Ayant semé tant de vent, il était inévitable qu’à la fin ce soit la tempête. En d’autres circonstances, un échec aussi retentissant n’aurait pas été sans conséquences. Il aurait suscité des réactions qui, pour l’instant, restent invisibles. Il aurait ébranlé l’opinion publique intérieure, donnant lieu à des manifestations de désaccord et à une opposition radicalisée, qui, au contraire, reste silencieuse. Alors, que se passe-t-il dans l’Amérique profonde ? Toute énergie est-elle épuisée ? La position hégémonique qui a marqué toute la période d’après-guerre est-elle abandonnée sans combat ?

Par le passé, les théoriciens de «l’hégémonie» (Kindleberger, Keohane, Gilpin) n’excluaient pas la fin de la suprématie américaine. Elle était envisagée : susceptible de se manifester si les coûts économiques du maintien du système croissaient plus vite que la capacité des États-Unis à les assumer. C’est ce qui se produit aujourd’hui, notamment au lendemain de la crise financière mondiale de 2008. Depuis, la structure de l’économie américaine a beaucoup changé. Le déficit budgétaire est devenu chronique atteignant en moyenne des valeurs deux fois supérieures aux seuils prudents définis par les critères de Maastricht.

En conséquence, la dette publique a explosé, dans une dynamique à l’italienne. Comment y remédier ? C’est là que la faiblesse des politiques de Trump apparaît pleinement. Après avoir exclu toute possibilité d’austérité, contrairement à l’idée d’une nouvelle réduction de la charge fiscale des plus riches, le choix s’est porté sur l’imposition de droits de douane, dans l’espoir lever des fonds. Cela obligerait les exportateurs étrangers à verser une contribution allant de 15 % à 50 % pour consolider les finances publiques américaines déjà affaiblies.

Un geste non seulement contraire au «Washington consensus» — qui avait été le pilier des grandes institutions économiques internationales, héritage de l’hégémonie américaine —, mais encore aggravé par la brutalité de son application. Quant aux résultats, nous le verrons, plus tard, au bilan. Pour l’instant, il ne reste que les déclarations stupéfiantes du président. Existait-il, peut-être, une alternative ? La réponse est affirmative. Pas tant sur le plan technique que politique, en s’appuyant sur le principe de «partage».

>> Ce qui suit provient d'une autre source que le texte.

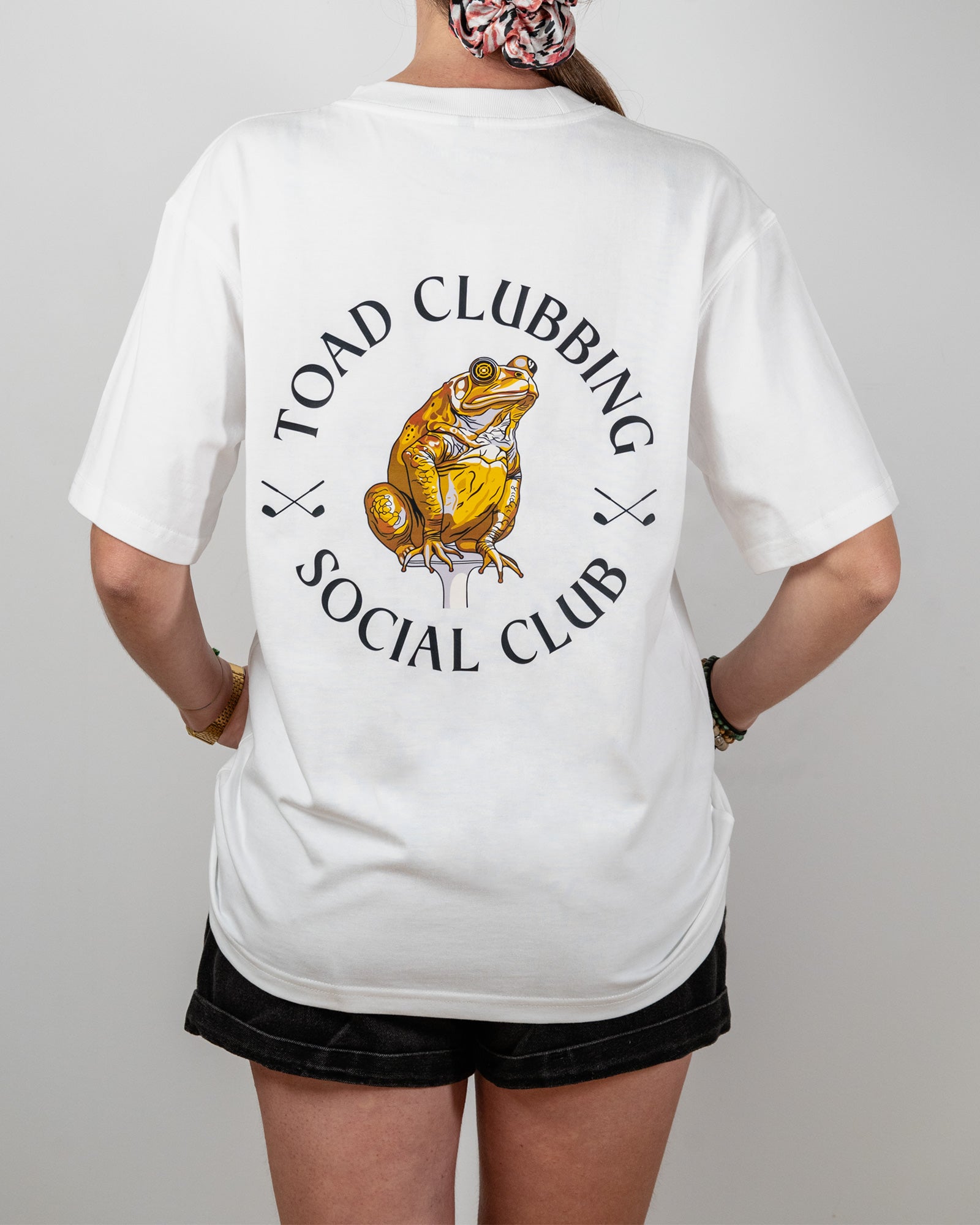 Person wearing a white t-shirt with a graphic of a toad and text 'Toad Clubbing Social Club' on the back.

Lorsqu’une hégémonie solitaire entre en crise, pour les raisons susmentionnées, il aurait fallu au moins tenter de consolider l’ancien système d’alliances. Voire l’étendre, si possible. Cela aurait impliqué un transfert de souveraineté. Le passage d’une monarchie absolue, telle qu’elle a été jusqu’à présent, à une monarchie constitutionnelle. Un renoncement ? Assurément. Mieux vaut cependant perdre quelque chose que de risquer de tout perdre face à de nouveaux «joueurs» qui ne cachent en rien leurs mauvaises intentions.